SUPPLIED ENTRIES>
------------------------------------------------------------------------
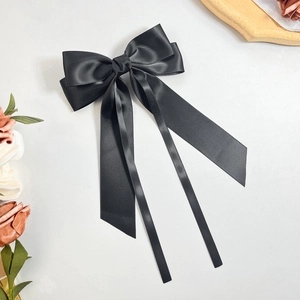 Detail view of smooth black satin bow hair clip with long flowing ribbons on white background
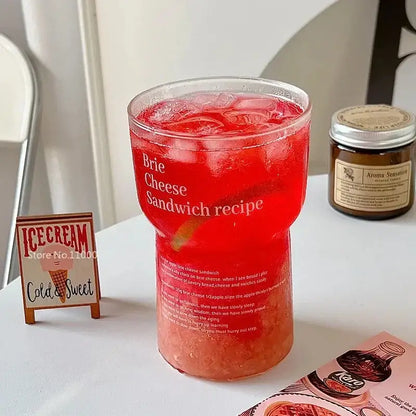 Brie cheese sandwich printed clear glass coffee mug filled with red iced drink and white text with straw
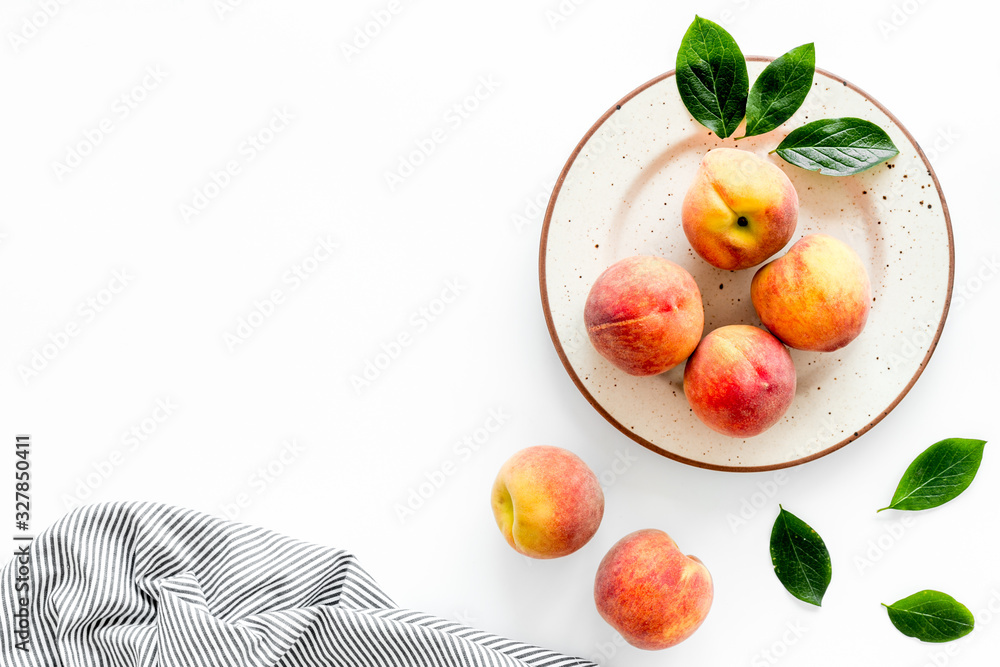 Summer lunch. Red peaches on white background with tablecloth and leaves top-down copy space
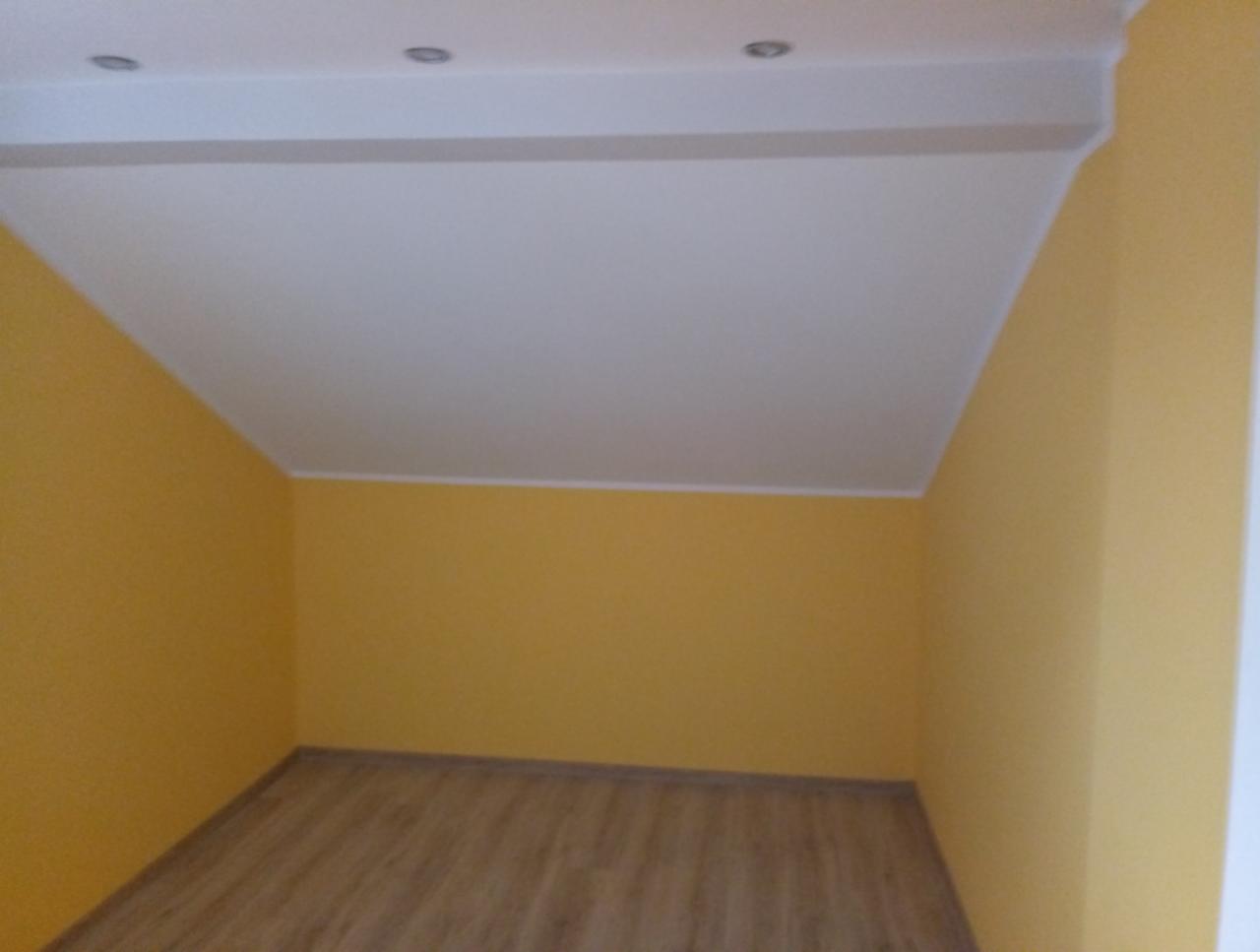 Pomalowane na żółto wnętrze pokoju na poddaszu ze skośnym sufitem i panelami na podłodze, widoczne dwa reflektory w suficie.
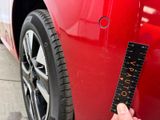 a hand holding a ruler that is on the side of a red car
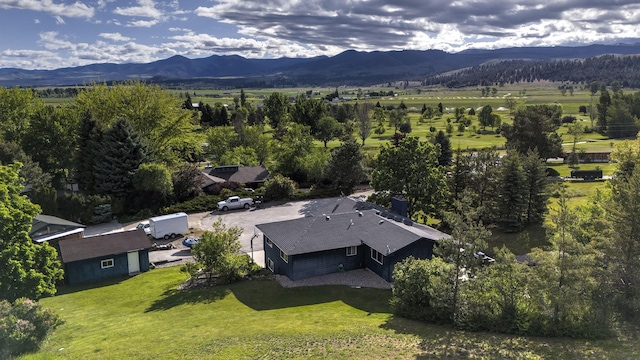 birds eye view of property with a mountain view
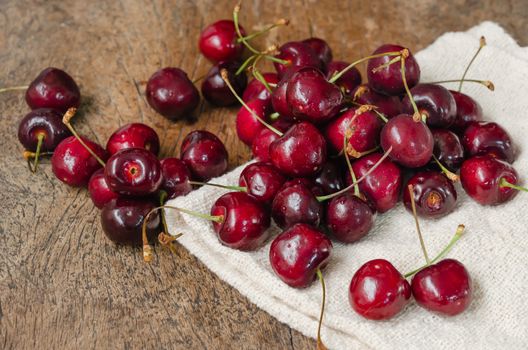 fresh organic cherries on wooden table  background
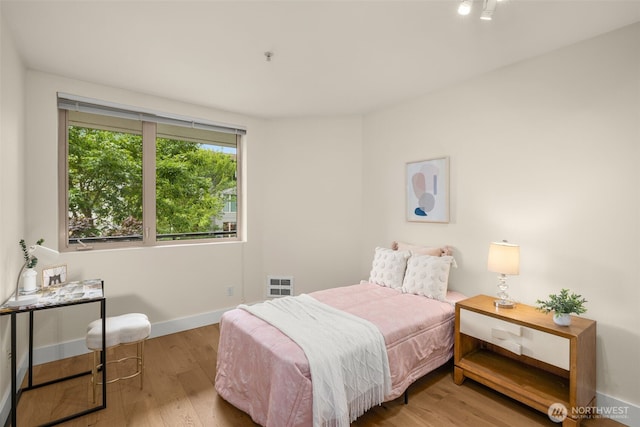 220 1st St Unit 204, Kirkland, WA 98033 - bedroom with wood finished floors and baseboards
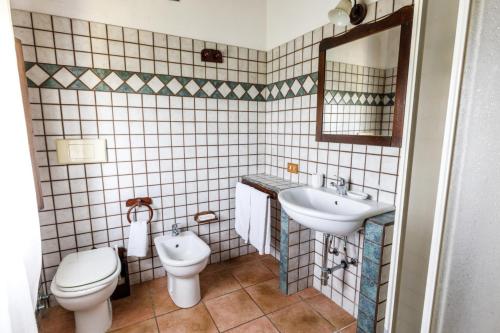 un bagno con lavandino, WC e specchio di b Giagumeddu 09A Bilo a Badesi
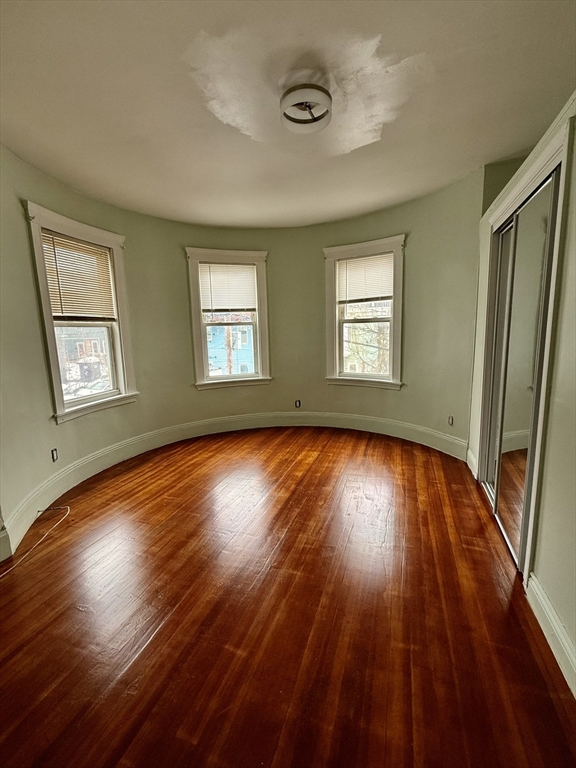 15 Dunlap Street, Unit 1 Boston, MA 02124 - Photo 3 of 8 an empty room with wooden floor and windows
------------------------------------------------------------------------
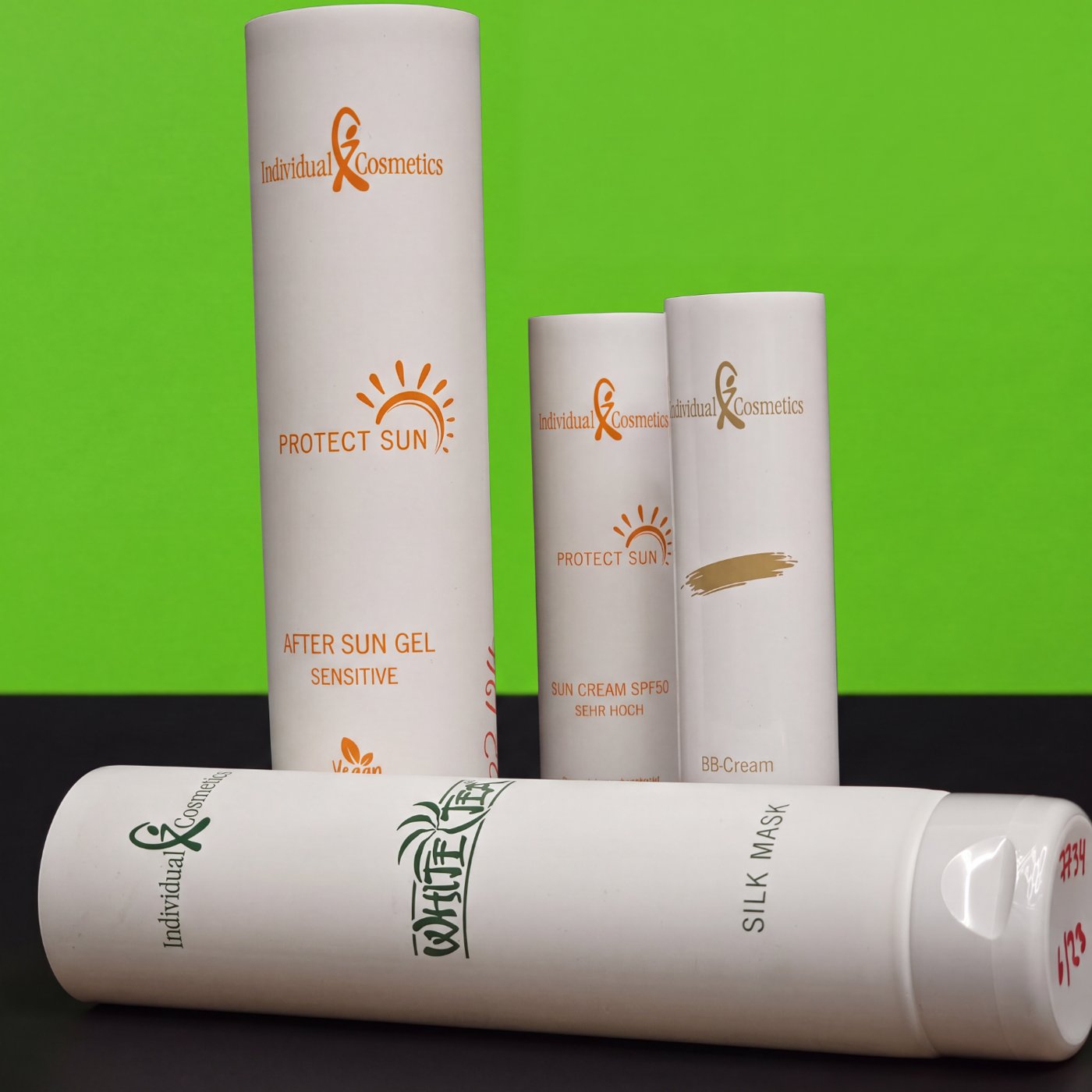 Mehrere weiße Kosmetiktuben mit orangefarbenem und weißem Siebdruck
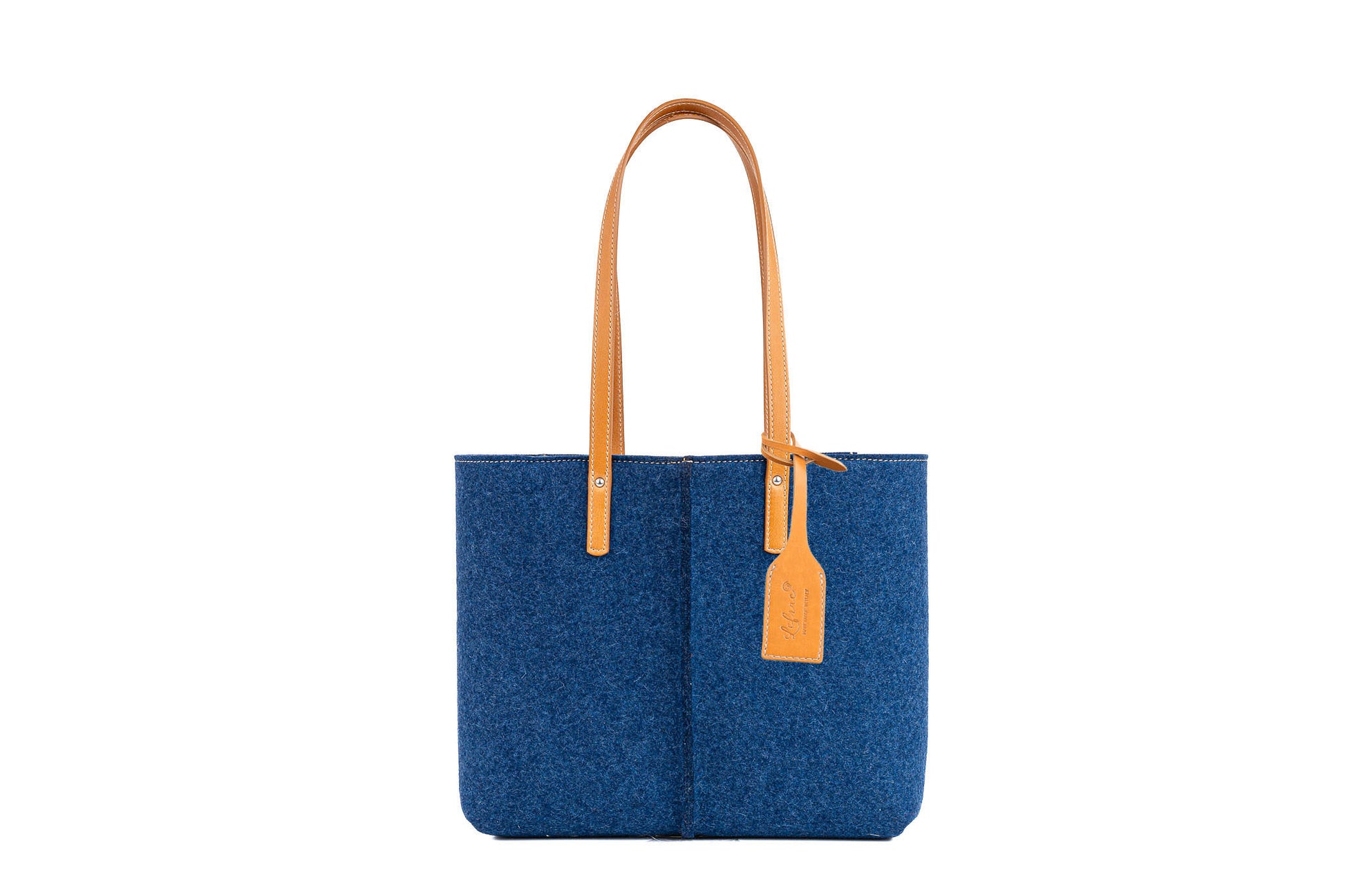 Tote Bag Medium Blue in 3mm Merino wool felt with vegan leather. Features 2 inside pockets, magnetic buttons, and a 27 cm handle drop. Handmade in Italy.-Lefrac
------------------------------------------------------------------------
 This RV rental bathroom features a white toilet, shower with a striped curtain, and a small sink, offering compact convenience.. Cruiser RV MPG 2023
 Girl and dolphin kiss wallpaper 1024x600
------------------------------------------------------------------------
Look back over the records above. Reproduce exactly everything from the line with "fresh organic cherries" down to the line with "15 Dunlap Street, Unit", inclusive, and leave the pictures out.

 fresh organic cherries on wooden table  background
 220 1st St Unit 204, Kirkland, WA 98033 - bedroom with wood finished floors and baseboards
 un bagno con lavandino, WC e specchio di b Giagumeddu 09A Bilo a Badesi
 15 Dunlap Street, Unit 1 Boston, MA 02124 - Photo 3 of 8 an empty room with wooden floor and windows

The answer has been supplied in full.